• **Available data**:
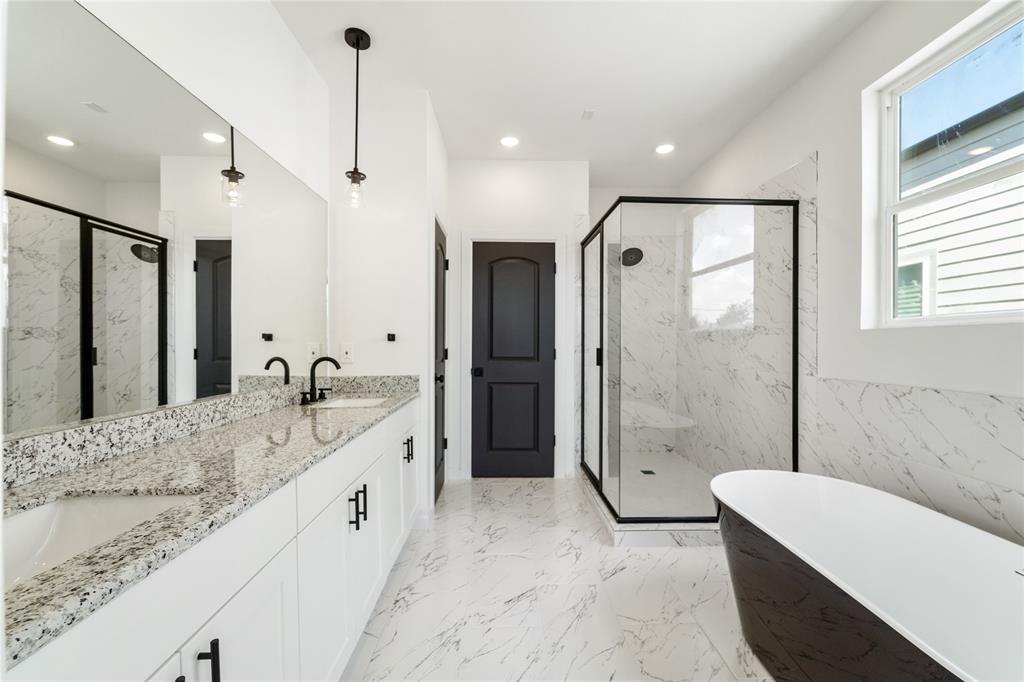 4305 Larkspur Street, Houston, Texas image 10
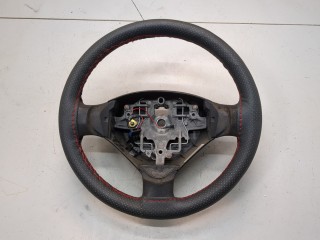 Руль, Citroen Berlingo 2004-2013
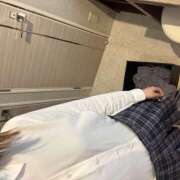 ヒメ日記 2026/03/04 13:56 投稿 ねあ 宇都宮 Playlist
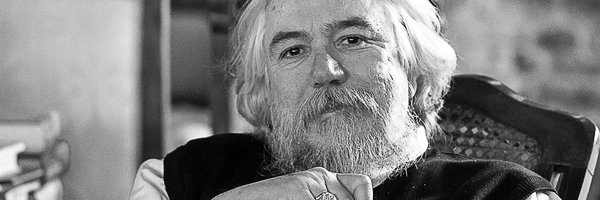 a_meluzzi Profile Banner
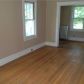95 Woodmont St, West Springfield, MA 01089 ID:596712
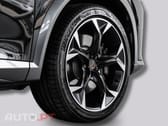 Cupra Formentor I.V.A DEDUTÍVEL VZ 1.4 e-HYBRID 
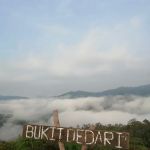 Bukit Dedari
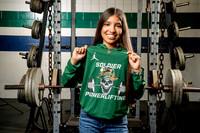 RUDDER_LIFT_Kayla Pineda-(COLLIER)-00103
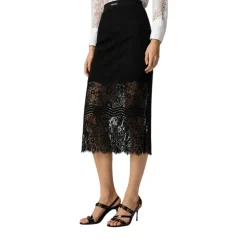 Maxi Skirts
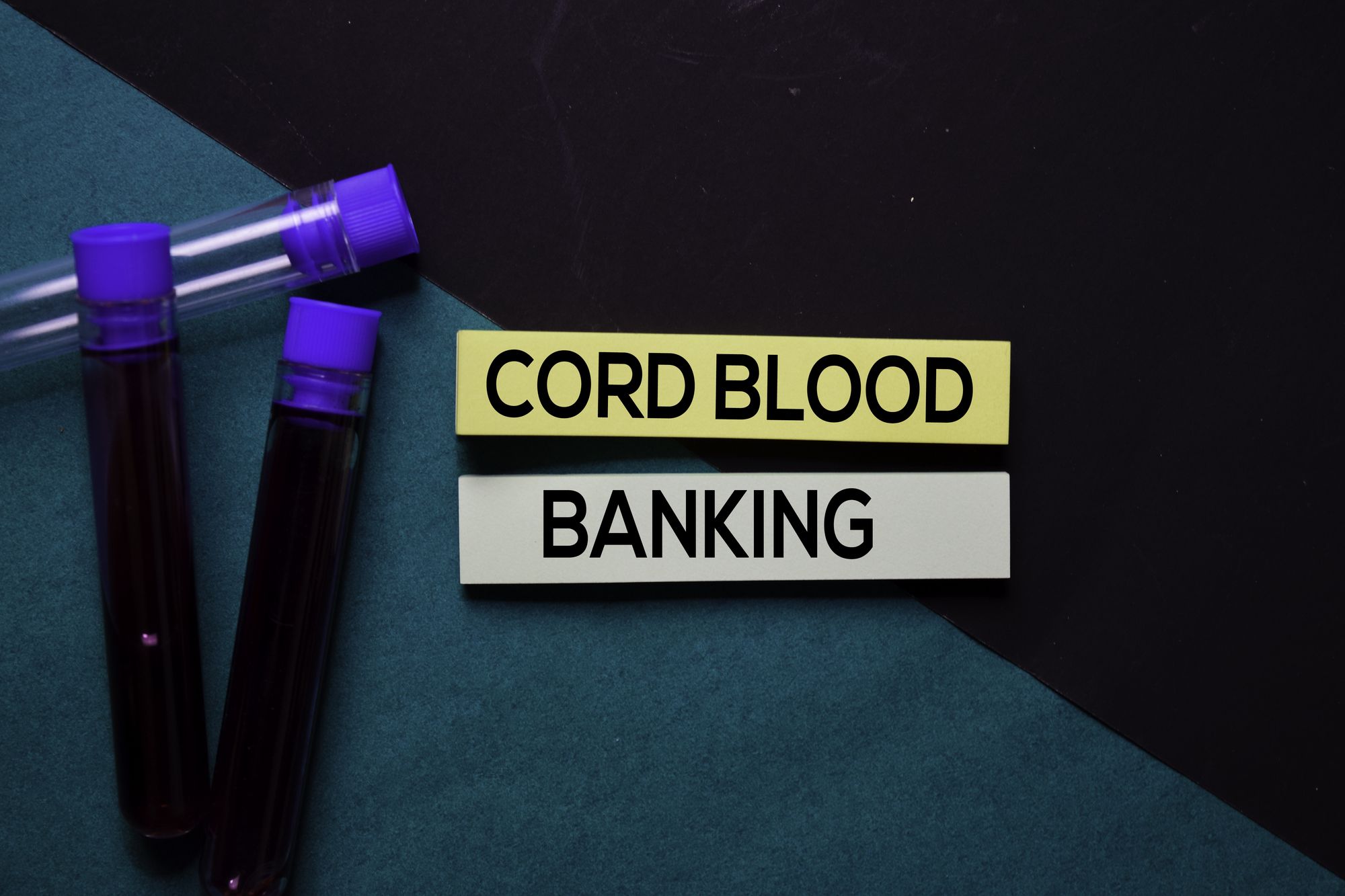 Cord blood bank labels regarding parents demanding answers as a Cord Blood Bank dodges their calls while they simultaneously face $600K lawsuit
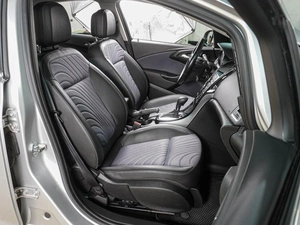 Хетчбэк Opel Astra 2014 года, 1049000 рублей, Воронеж
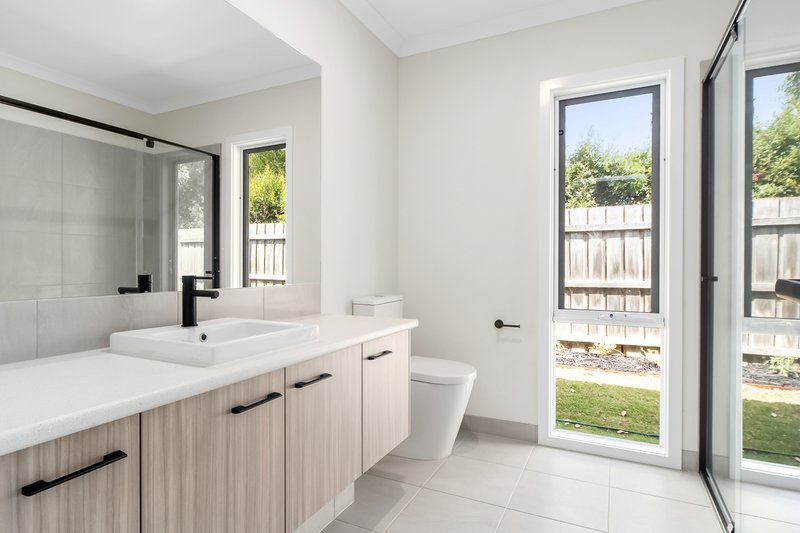 Photo - 11A Oakden Street, Pearcedale VIC 3912 - Image 7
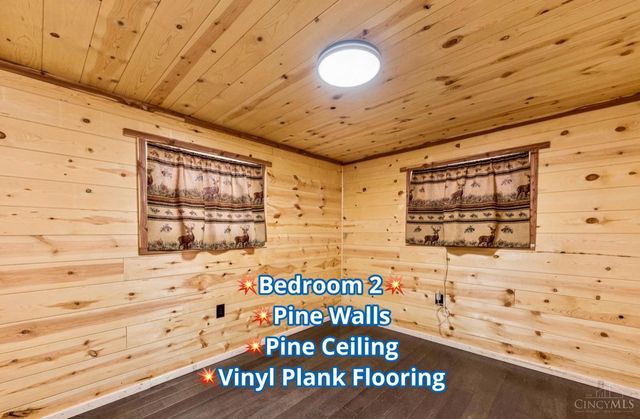 6143 Goshen Road, Goshen, OH 45122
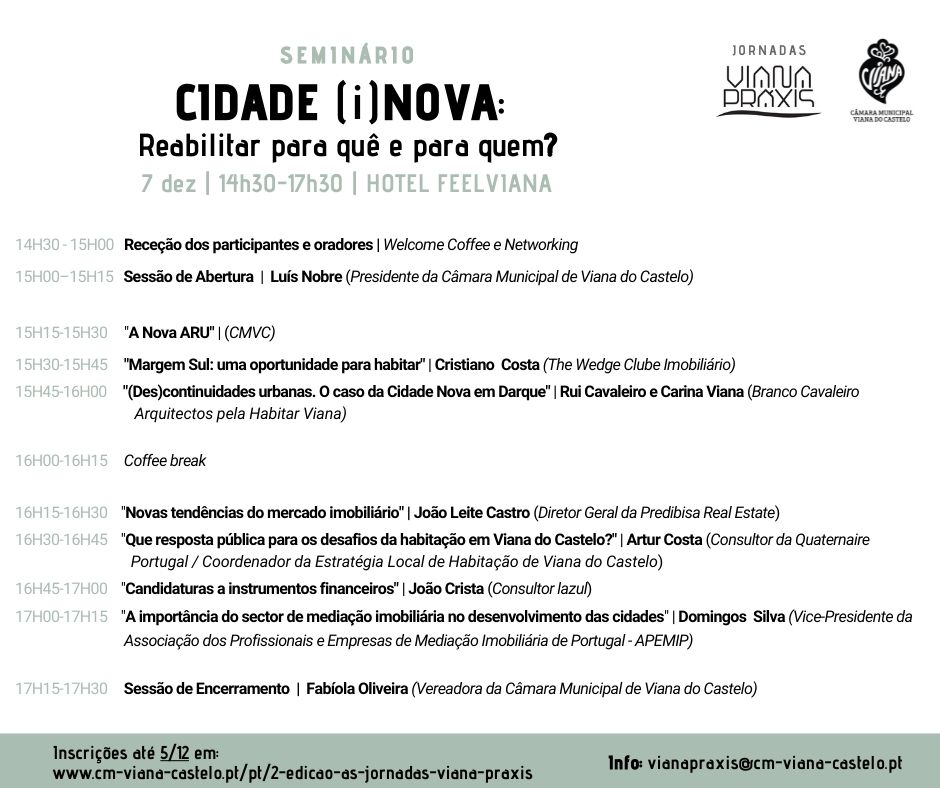 19907_seminario_cidade_inova_post_fb
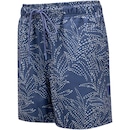 Bermuda Masculina Oxer Swim - Foto 1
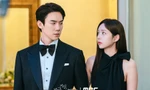 When The Phone Rings khởi đầu bùng nổ rating với cú twist "ngã ngửa" từ nữ chính
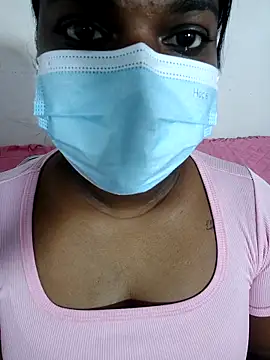 chubybabi online show from November 2025 04:16:02 AM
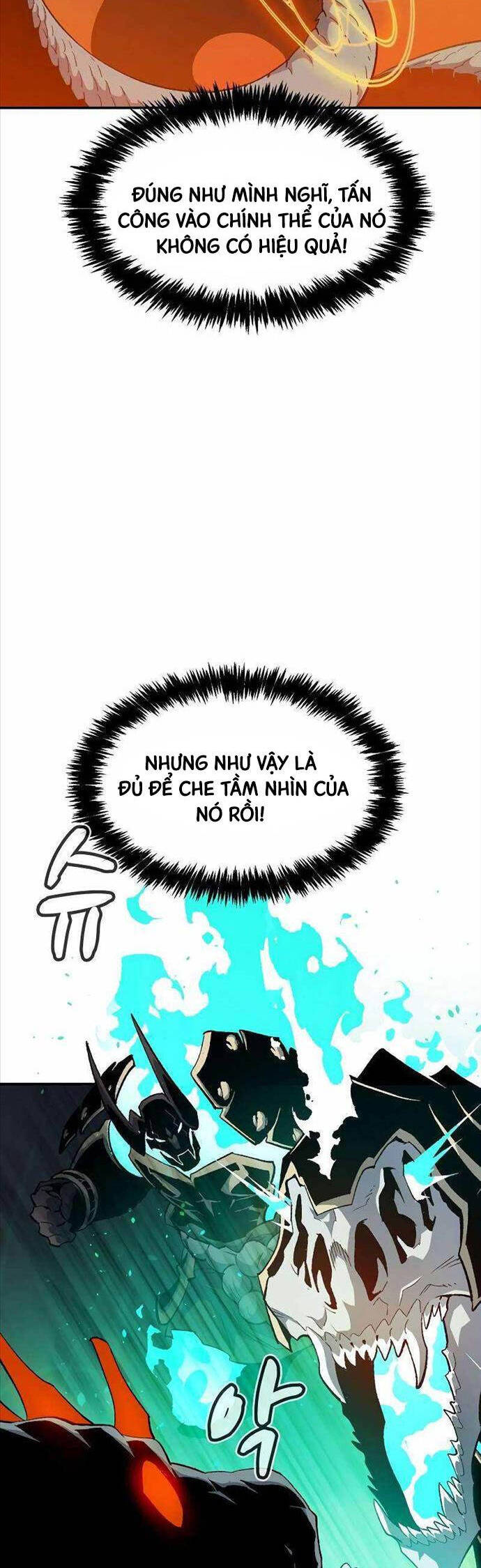 Chapter 117 trang 53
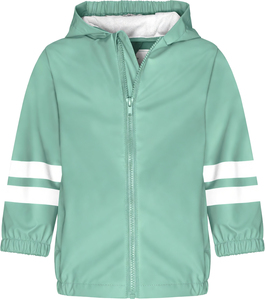 SELF INDUSTRIES Men's Winter <b>Safari</b> <b>Jacket</b> Windproof Breathable Lightweight Wool-Lined Cotton Shell Polyester/Nylon Fabric - Product Image 1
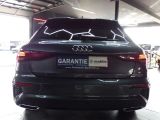 Audi A3 Sportback bei Gebrauchtwagen.expert - Abbildung (7 / 15)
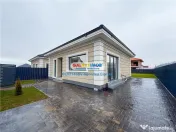 Casa Individuala Rasnov 20 Km Brasov 10 Km Bran 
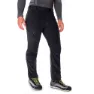 Trango Goym Dv Hosen, Black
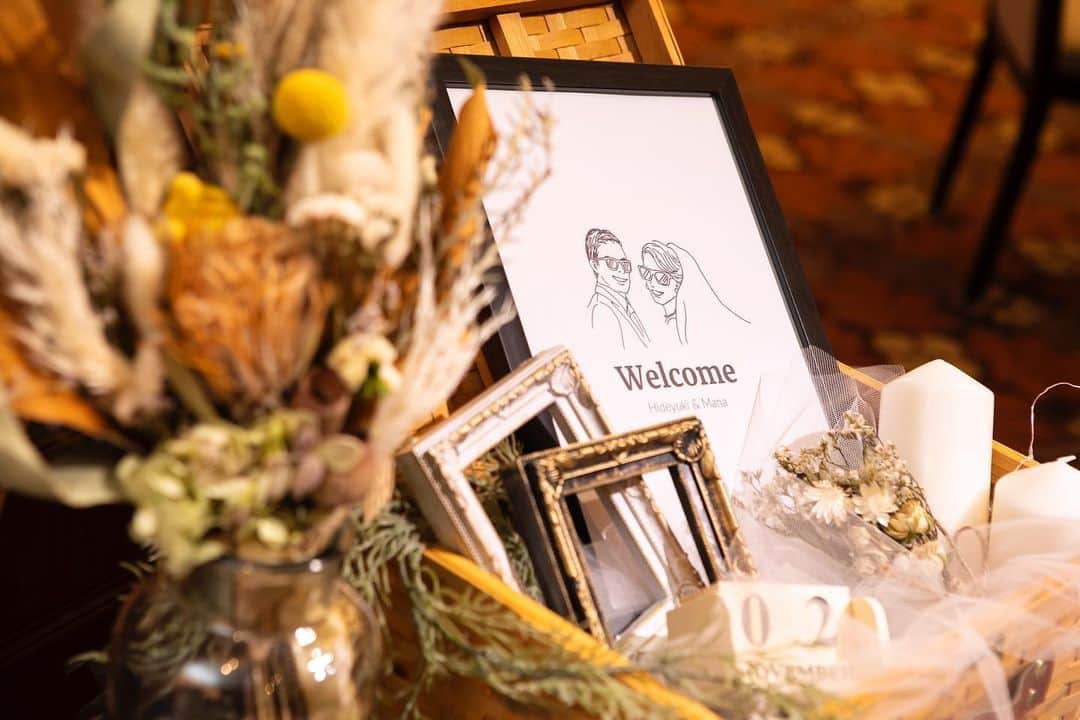 ロイヤルホールヨコハマ【公式サイト】のグルメインスタ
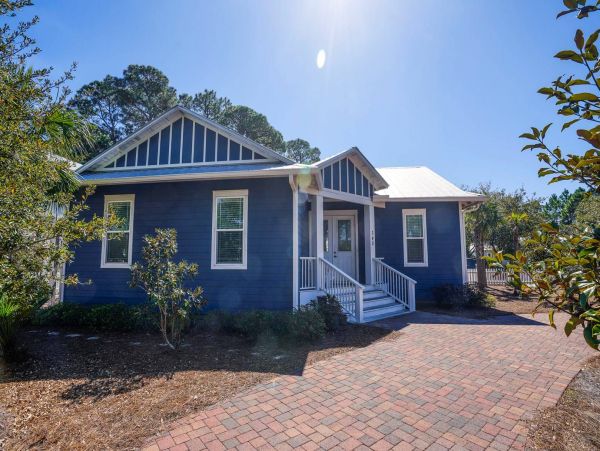Beaches Of South Walton Home 981664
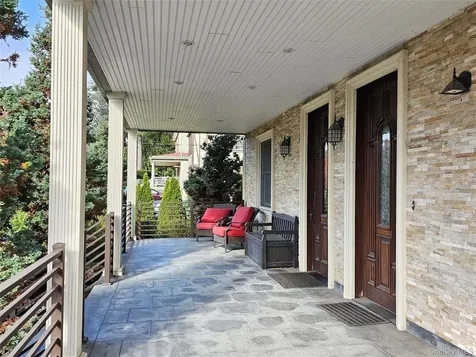 49 Greenridge Avenue White Plains NY 10605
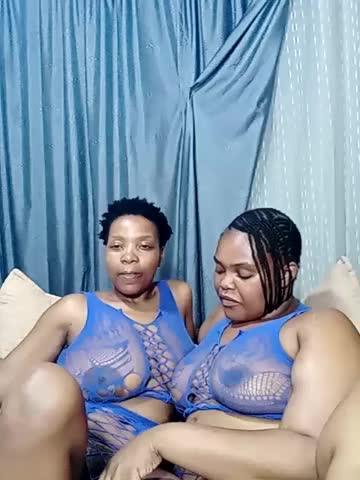 Twin_lovers Webcam Chat October 26, 2026
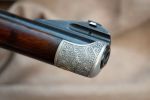 Cz, fotka 7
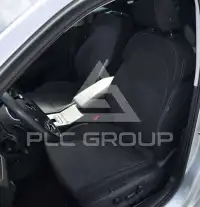 2023 Skoda Superb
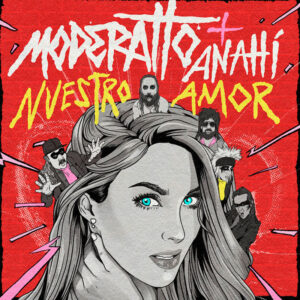 Nuestro Amor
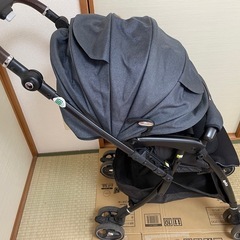 ラクーナクッションフリープラス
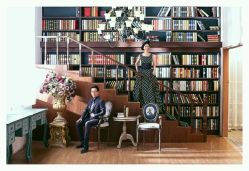 -蔚蓝映像STUDIO婚纱摄影(南稍门店)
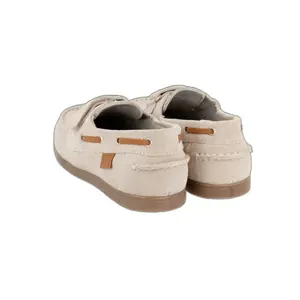 Children's moccasins Gioseppo Urbino image-1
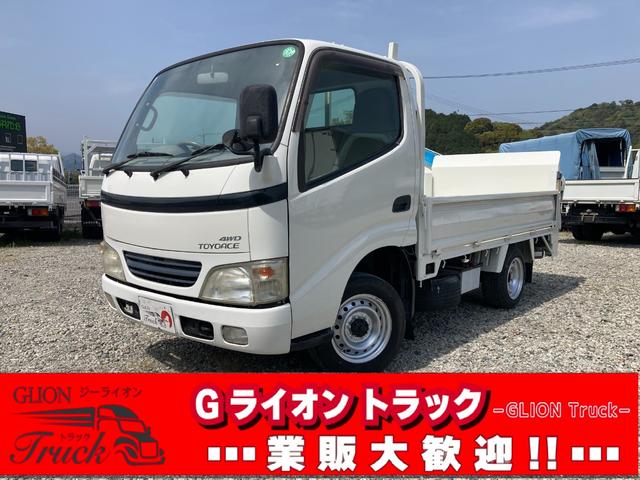 car_33728a21-81c9-4139-a7f6-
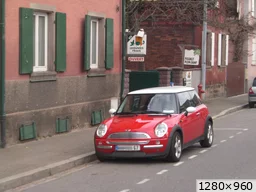 [img_mini]72a8a488ad.jpg[/img_mini]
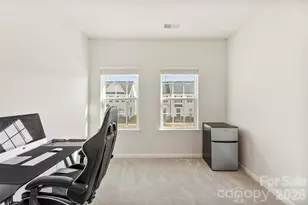 5036 Patton Dr., Gastonia, NC 28056 - Photo 30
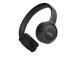 JBL Tune 520BT langattomat kuulokkeet, Bluetooth, musta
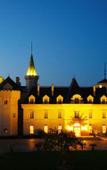 Туры в отель Chateau Changyu AFIP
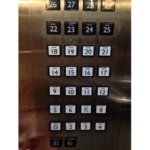 No-13th-floor-460×613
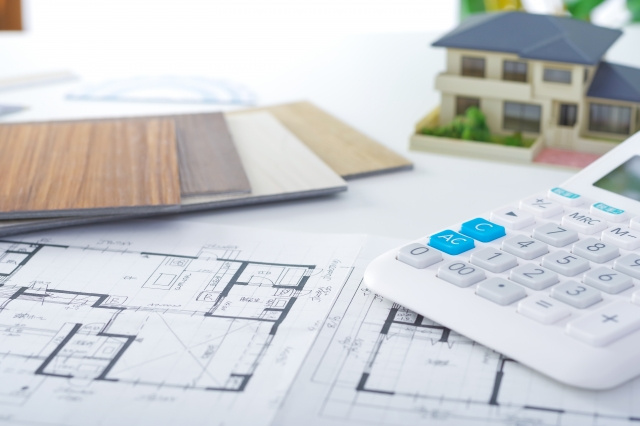 不動産売却で押さえておきたい注文住宅と建売住宅の違いとは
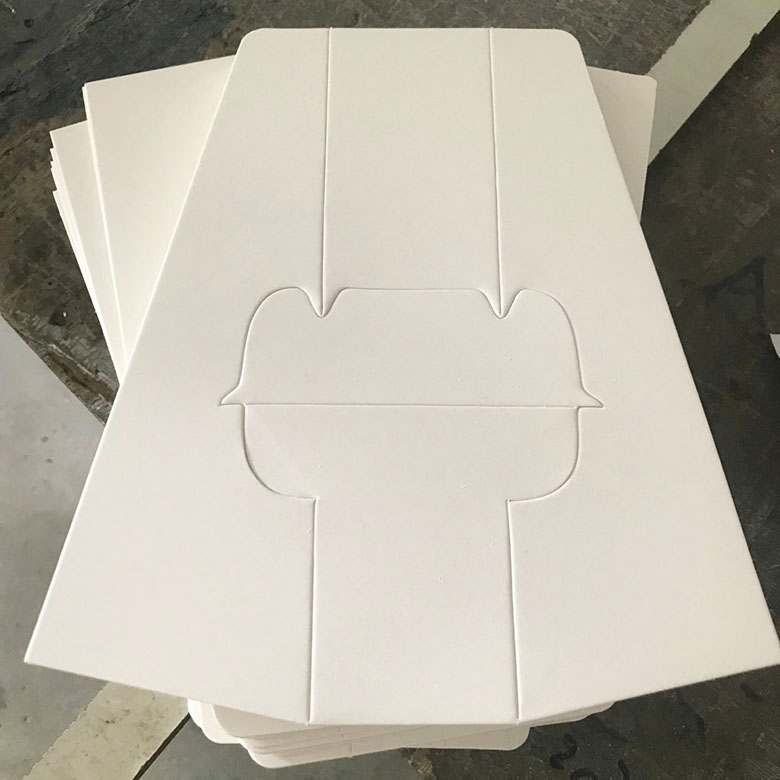 A3/28蝴蝶纸支架纸背撑A4A5A3KT板纸背托纸托背板立牌纸质广告架 - 图1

• **Problem description**: Write back word for word every line in the entries above from the one with "19907_seminario_cidade_inova_post_fb" to the one with "Chapter 117 trang 53", ends included, and none of the pictures.

• **Result of the exercise**:
 19907_seminario_cidade_inova_post_fb
 Bermuda Masculina Oxer Swim - Foto 1
 When The Phone Rings khởi đầu bùng nổ rating với cú twist "ngã ngửa" từ nữ chính
 chubybabi online show from November 2025 04:16:02 AM
 Chapter 117 trang 53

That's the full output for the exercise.